On Sunday, Kyle and I went "jeeping." He bought an older jeep from his boss back in January. This past weekend was the first time we could take it out and experience summer in it. We drove to a road south of Alma, hoping to cross Mosquito Pass toward Leadville. However, the road was still closed due to snow at the summit. We found some great trails to explore, though. I was jostled around in my seat quite a bit. It was great!
One of the roads we were on passed by an old mine. Naturally, we had to explore. The building looked like it was about to fall over at any moment, but Kyle still scaled the steps and rafters to explore the three stories. Even though he told me it was still well-built and sturdy, I stuck to the first stairway and let him wander without me. We also investigated the surrounding buildings, bunkhouses and outhouses. One of the houses still had painted patches of plaster on the walls and the skeleton of an old stove in the kitchen. It was pretty amazing to be walking through history like that.
There were two men panning for gold in the river that ran by the mine.
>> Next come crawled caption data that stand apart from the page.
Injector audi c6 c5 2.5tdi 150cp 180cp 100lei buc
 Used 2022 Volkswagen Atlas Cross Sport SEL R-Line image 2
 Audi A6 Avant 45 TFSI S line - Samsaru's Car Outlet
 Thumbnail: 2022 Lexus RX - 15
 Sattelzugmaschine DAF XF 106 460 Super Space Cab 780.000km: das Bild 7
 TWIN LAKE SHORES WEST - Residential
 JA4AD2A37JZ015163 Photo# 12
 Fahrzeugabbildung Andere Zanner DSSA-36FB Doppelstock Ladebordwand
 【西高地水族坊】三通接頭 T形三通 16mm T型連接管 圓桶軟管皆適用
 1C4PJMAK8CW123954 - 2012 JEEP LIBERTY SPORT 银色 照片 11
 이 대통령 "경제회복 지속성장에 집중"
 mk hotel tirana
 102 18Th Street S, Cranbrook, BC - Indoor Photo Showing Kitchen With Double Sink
Kyle and I each found tiny nuggets of a gold-colored metal, so we decided to ask them how you could tell if something was gold or not. Finally, Kyle showed him the itty bitty piece he had found and the man said, "No, that's a cubular piece of pyrite or some other kind of metallic substance. If it were gold, it would flatten in response to pressure, not break apart. Also, even if you shade gold, it will continue to shine, rather than going flat like this." Bummer. But at least we have a sample of what is not gold... Any guesses as to what Kyle bought on EBay the day after our excursion? A gold panning kit! You never know...
As we were walking around the area of the mine, the ground, the river, everything, shimmered. It turns out there is a lot of mica in the area, which shines with a golden tone when the lit hits it. It made me think of how crazy it must have driven those miners. You're looking for the real thing, yet there are shimmering imposters all around you, all the time. Not to mention the concentration of pyrite (fool's gold) in the area... I wonder if anyone ever saw real gold and wrote it off because they were so used to seeing the fake stuff so regularly? A shimmer with no value; how misleading. How many things surround us every day that have those same properties--they appear to be promising, but they're worth nothing in the end...
I tried to find a description online of how to identify gold, and one contributor said something to the effect of, "Once you find gold in your pan you'll never have trouble identifying it again. Once you've seen the real thing, you know what you're looking for from then on and you'll never be fooled again."
So, maybe that's the key. You have to see the real thing in order to be able to identify the fakes. Until then, many things can appear to be true and valuable, even if they're not.
Lord, may I see the world through what I know to be real, so that everything fake loses its misleading allure and appeal.